Enxertos
[desculpa, esse é um resumo público do que eu quero dizer para a analista, mas que ficou tão bonito que decidi enfeitar]
Já estou repetitiva, mas preciso retomar a essa questão até que em algum ponto (espero) ela se esgote em mim. Em abril deste ano escrevi um texto chamado “A mulher desejante”. Naquele momento, eu dizia:
Por que insistem em dizer que o amor só chega se você não falar nele? Isso é mesmo verdade ou nos enfiaram goela abaixo que a gente não pode falar disso? Que não se pode dizer que se quer sim, mais do que o sexo casual, mais do que a foda com hora marcada (que também não estamos aqui para demonizar, reclamar, inclusive, queremos marcar hora sim), que sim, sente falta de um programa de casal (saudades, inclusive) — isso é coisa de gente carente, de gente que tem cheiro de desespero, como eu.
Porque eu não estou falando só de sexo, estou falando é do desejo de amar e ser amada, do clássico psicanalítico, da não repressão desses desejos pois acabamos nos afastando de nós mesmas, dando ao outro o lugar de ativos em nossas próprias vidas — que, afinal, não é contra isso que a gente quer falar?
Não somos difíceis de amar, nossa liberdade e independência não significam que não precisamos ou simplesmente queremos ser amadas e desejadas. Nossos desejos não são atestados de fracasso, mas sim lembretes de vida que ainda temos, não fazem mal, não são errados, não nos tornam menos donas de nossas próprias vidas. Essa ferida que deixa o sangue jorrar não vai se fechar sozinha se não cuidarmos. E sim, não tem importância nenhuma em ficar um tempo sozinha e aprender a se amar (tô aqui desde 2016 contando meu processo), mas não tem problema nenhum também querer.

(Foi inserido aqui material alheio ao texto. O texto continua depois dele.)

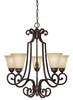 3585CB-287 Mid. Chandeliers-Glass Up - 431410 - Capital Lighting, Inc.
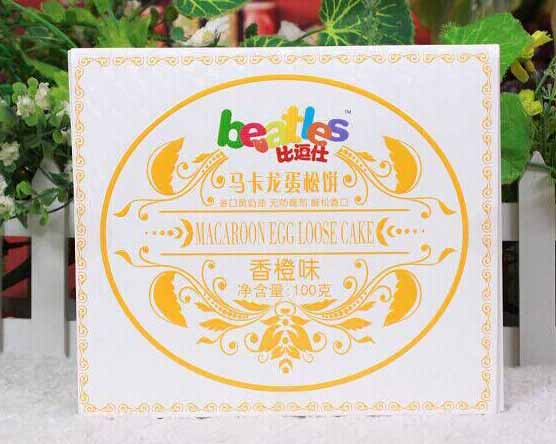 比逗仕香橙味五谷味馬卡龍蛋松餅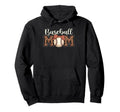 Baseball Mom Headband Leopard Baseball Hoodie - Streetwear Style Unisex - T-Shirt, Sweatshirt, Hoodie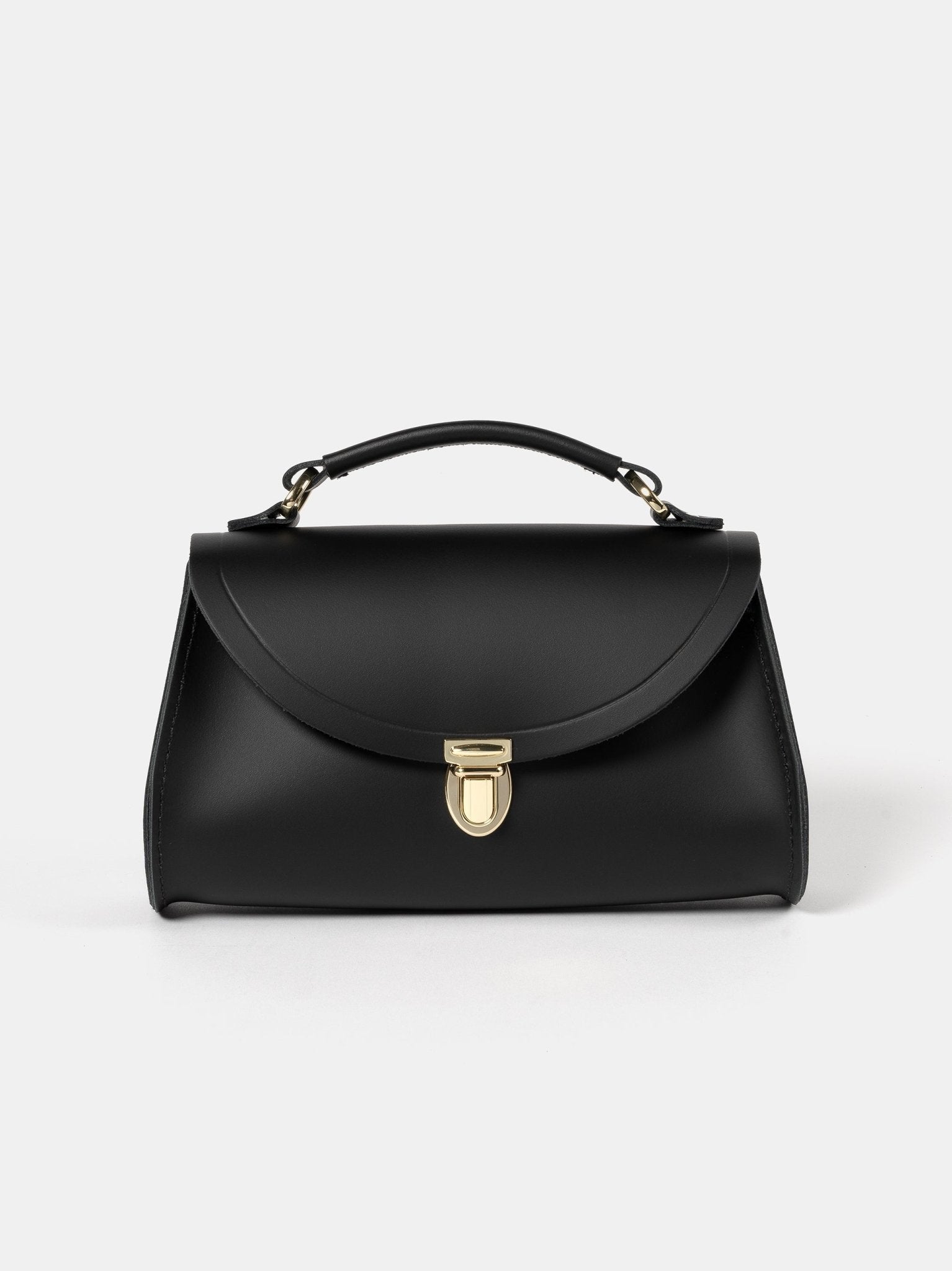 The Mini Poppy - Black & Gold - Cambridge Satchel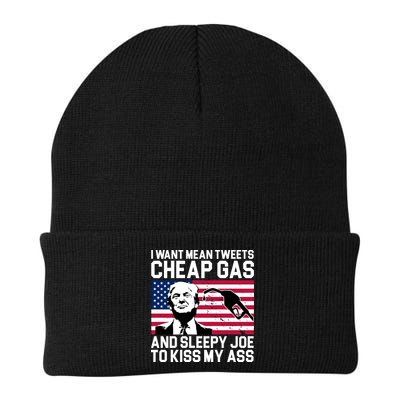I Want Mean Tweets Cheap Gas Funny Sleepy Joe Beanie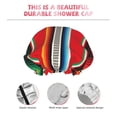 thumbnail image 5 of Balery Mexican Serape Blanket Stripes Shower Caps, Double Layer Waterproof Shower Cap, Double Layers Reusable Shower Cap With Soft Comfortable For Long Thick Hair Soft Bath Shower Hair Caps, 5 of 9
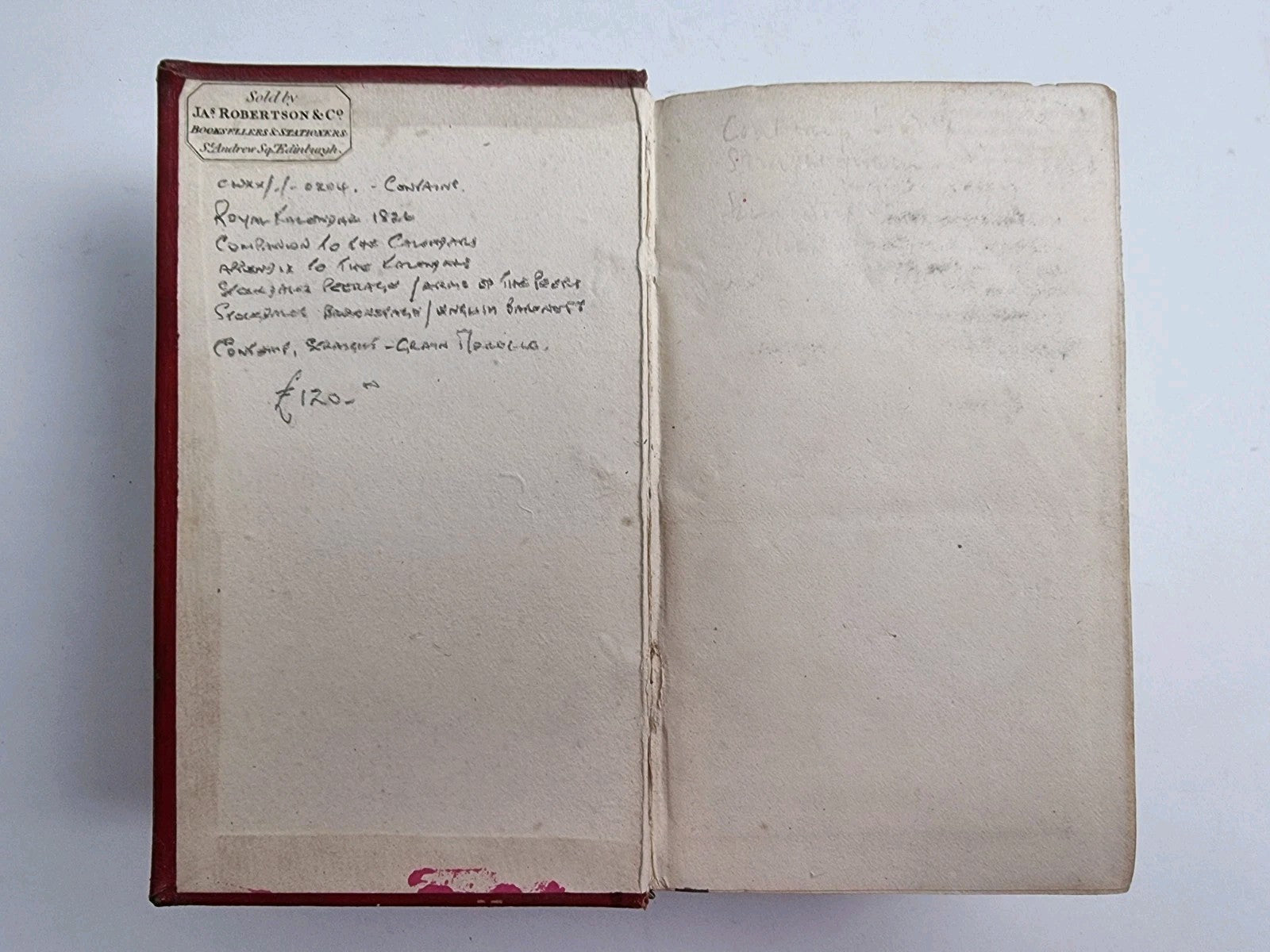 The Royal Calendar Complete: 1826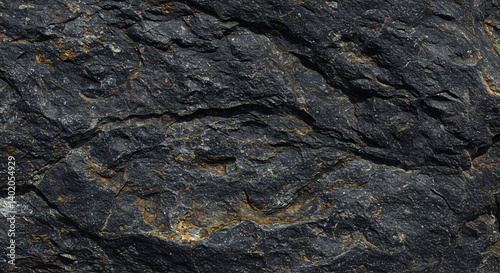 Wallpaper Mural Abstract granite rock texture with black and gray stone pattern, ideal for raw surface design and nature-inspired visuals Torontodigital.ca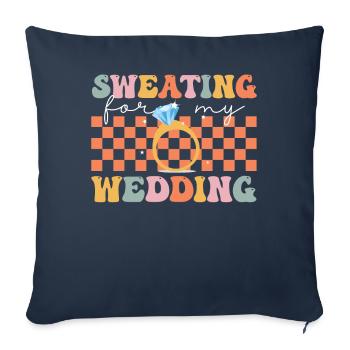 Groovy Bride Bridal Party Séance d’entraînement - Housse de coussin décorative 45 x 45 cm - bleu marine - Devant
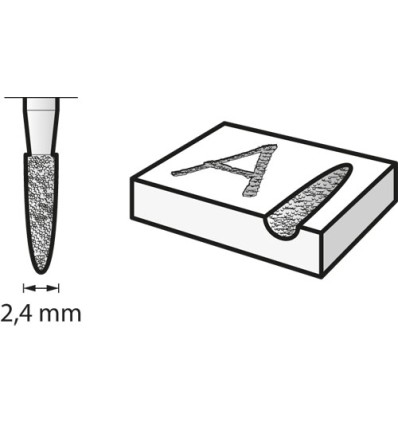 DREMEL 7144 PUNTA DIAMANTADA 2,4 MM 26157144JA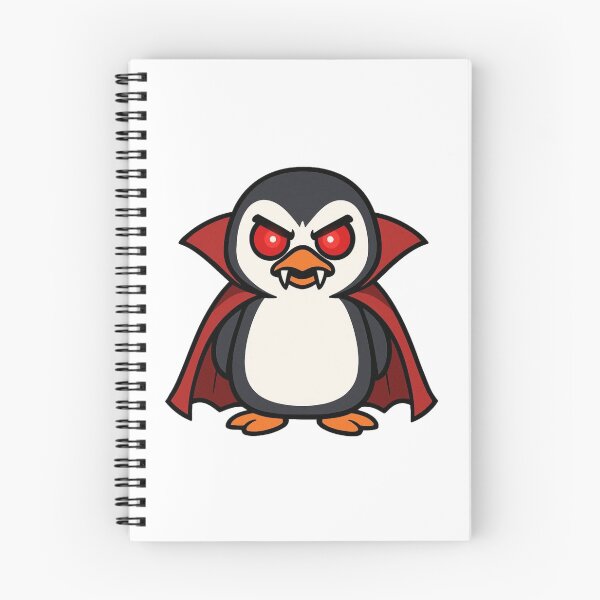 Item preview, Vampire Penguin with Red Eyes – Spooky Halloween Bird designed and sold by Confuzz1ed.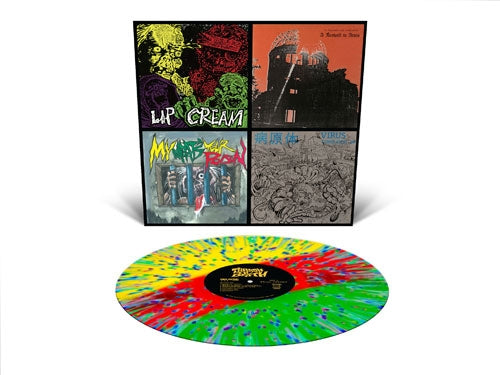 LIP CREAM - Thrash Til' Death - Import Custom 3 Color Stripe with Splatter Vinyl LP Record Limited Edition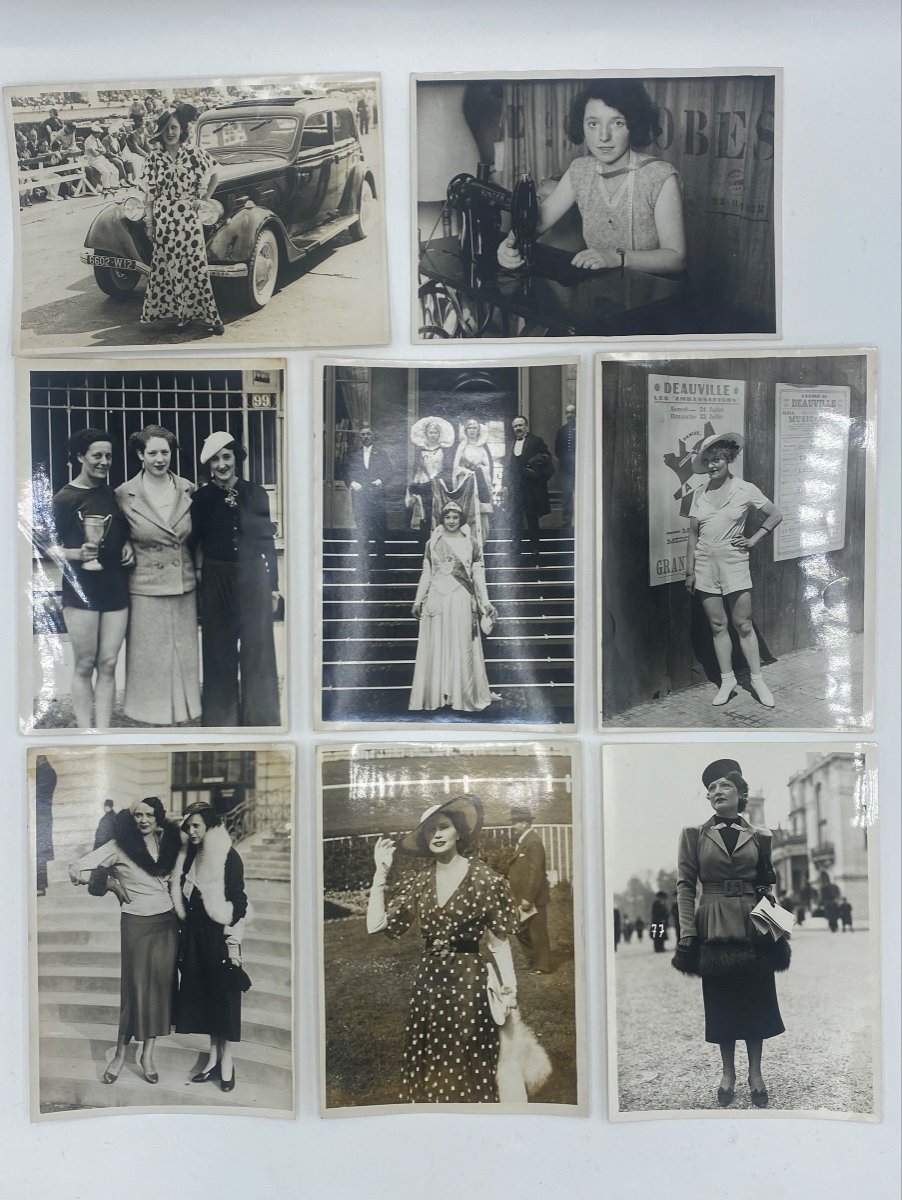 1930s Photos Of Women's Fashion In France, Meurisse Studio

E que a gente não morra de desejo sufocado.
Eu admiti o desejo. E nada mudou, apenas admiti a existência dele. Mas isso não foi suficiente. Depois de alguns meses essa “falta” começou a me incomodar muito mais do que eu queria, muito mais do que eu podia controlar. E sempre existem os lembretes para fazer você reviver cada pedacinho de dor. Então eu, a mesma pessoa que não queria morrer de desejo sufocado, tomei uma decisão brusca de acolher a solidão e aprender, de uma vez por todas e sem muitas lamentações, a conviver com ela. Eu fiz (e estou fazendo) isso avidamente.
Outro dia ouvi uma música de uma cantora da nova diáspora baiana chamada Josyara, eu ouvia enquanto escrevia, com aquela atenção flutuante… Então, veio o refrão:
Há solidão pra todo lado
Em cada gesto civilizado
É se perder do outro quando esse alguém de você foge
É achar a si próprio
Essa é a solidão que eu gosto, a que eu busco. É a que eu quero experimentar. Uma solidão civilizada (*o título da música*). Uma solidão escolhida, cuidada, regada, com propósito e também preparatória, para o caso de ela deixar de ser uma experiência necessária e temporária para ser um fato dado nas circunstâncias da vida (o que é perfeitamente possível).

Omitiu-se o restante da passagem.